The point is that you should map out all these different information sources, and you should figure out an automatic way to route information from these sources into your knowledge base. You and other people will not be willing to spend more time manually putting things into knowledge bases. You need to figure out a way to automatically do this to have your knowledge base up to date. It’s important that you fully automate the routing of information from the source to the knowledge base. 关键在于,你应该梳理出所有这些不同的信息来源,并找到一种自动化的方式将信息从这些来源导入知识库。
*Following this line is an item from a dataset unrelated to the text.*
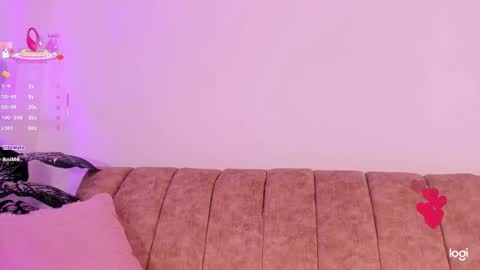 Lily  online show from September 2025 09:33:02 AM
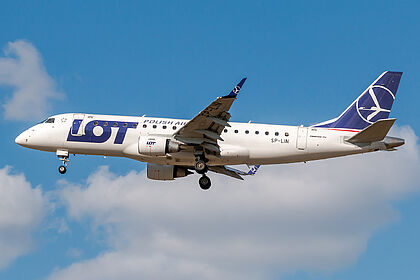 Embraer 175 SP-LIN operated by LOT - Polish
你和其他人都不愿意花更多时间手动将内容录入知识库。你需要找到一种自动化的方法来保持知识库的实时更新。至关重要的是,你要实现从源头到知识库的信息流转的完全自动化。

If you require a manual step (for example, pasting meeting notes into the knowledge base), you’ll definitely forget about it and lose important context, which goes against the entire concept of the knowledge base. The whole point of the knowledge base is that you store absolutely all information there and don’t leave anything out. That’s what makes a knowledge base so powerful. For example, with meeting notes, you can have a cron job that syncs daily. It takes each meeting note that everyone in the company has had or that you have had personally, and stores it in a knowledge base. 如果你需要手动操作(例如将会议记录粘贴到知识库中),你肯定会忘记,从而丢失重要的背景信息,这违背了知识库的初衷。知识库的核心意义在于存储所有信息,不遗漏任何内容。这正是知识库强大的原因。例如,对于会议记录,你可以设置一个每日同步的定时任务(cron job)。它会自动抓取公司内每个人或你个人参与的每一份会议记录,并将其存储到知识库中。